An exact restatement of all the data is required, with the pictures left out.

*** RECORDS SHOWN

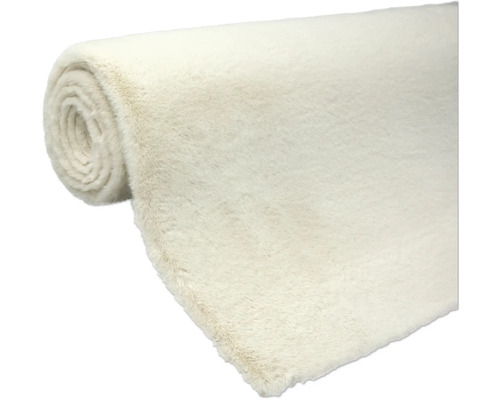 Covor rulat din imitație de blană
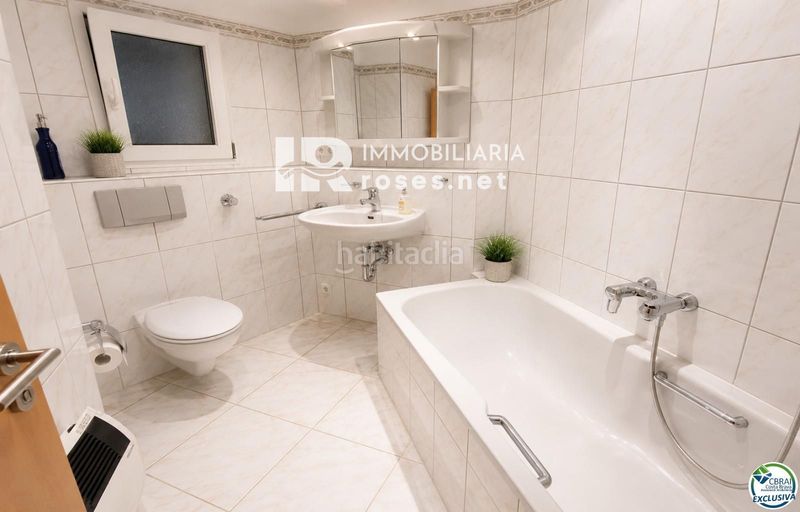 Foto e75aa405-8c3c-4ba5-bb01-e450a2b95931. Pis a Santa Margarida Roses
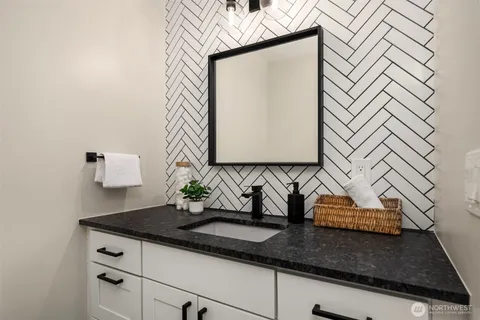 $2,495,000 | 6070 Seward Park Avenue South, Seattle, WA 98118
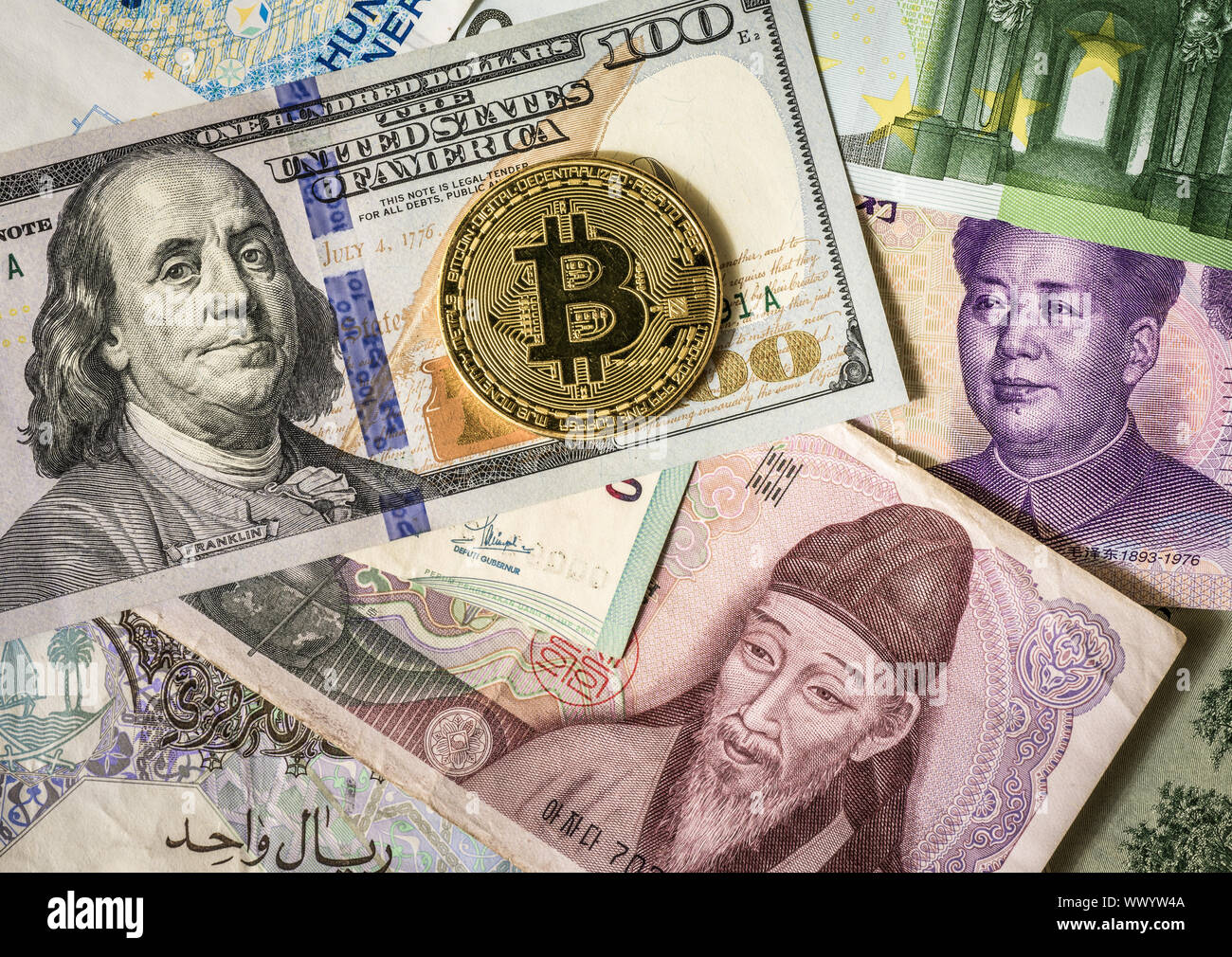 Golden bitcoin su multi valuta banconote dollaro, yuan, euro Foto Stock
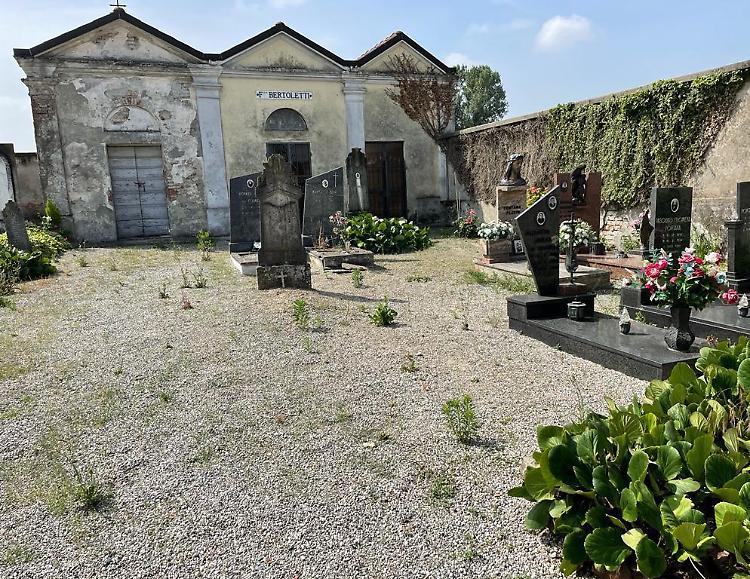 «Cimiteri trascurati», ultimatum del sindaco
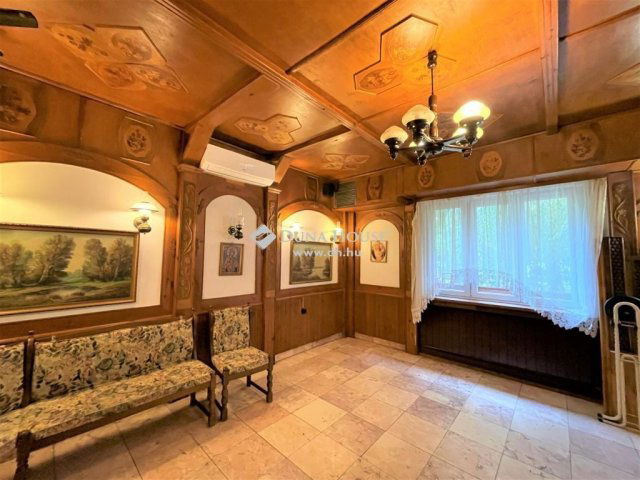 Eladó üzlethelyiség, Győrött 385 M Ft / költözzbe.hu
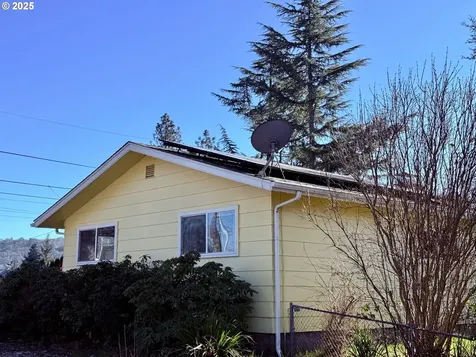 2415 W Bradford Avenue Roseburg OR 97471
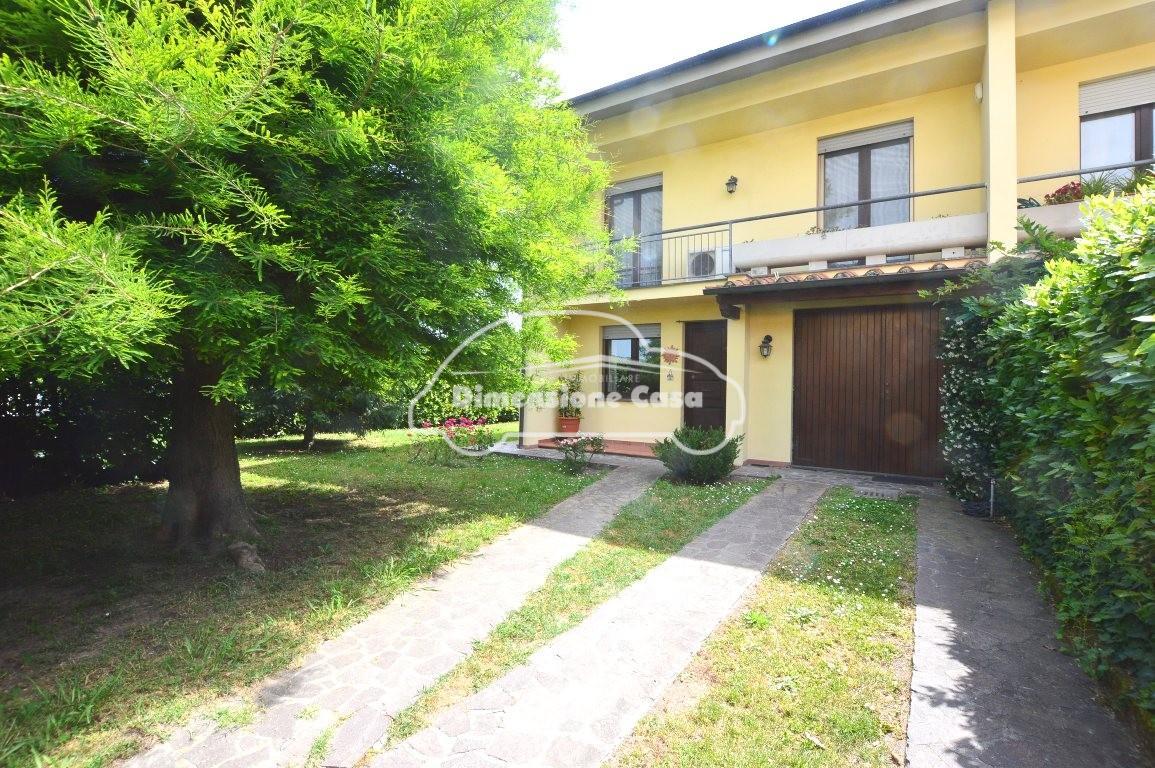 Villa con giardino, Lucca antraccoli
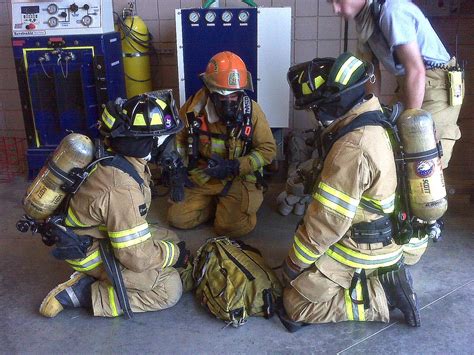 Hutto And Taylor Tx Fd Rapid Intervention Crew Training Ph Flickr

******

> RESPONSE AREA:
 Covor rulat din imitație de blană
 Foto e75aa405-8c3c-4ba5-bb01-e450a2b95931. Pis a Santa Margarida Roses
 $2,495,000 | 6070 Seward Park Avenue South, Seattle, WA 98118
 Golden bitcoin su multi valuta banconote dollaro, yuan, euro Foto Stock
 «Cimiteri trascurati», ultimatum del sindaco
 Eladó üzlethelyiség, Győrött 385 M Ft / költözzbe.hu
 2415 W Bradford Avenue Roseburg OR 97471
 Villa con giardino, Lucca antraccoli
 Hutto And Taylor Tx Fd Rapid Intervention Crew Training Ph Flickr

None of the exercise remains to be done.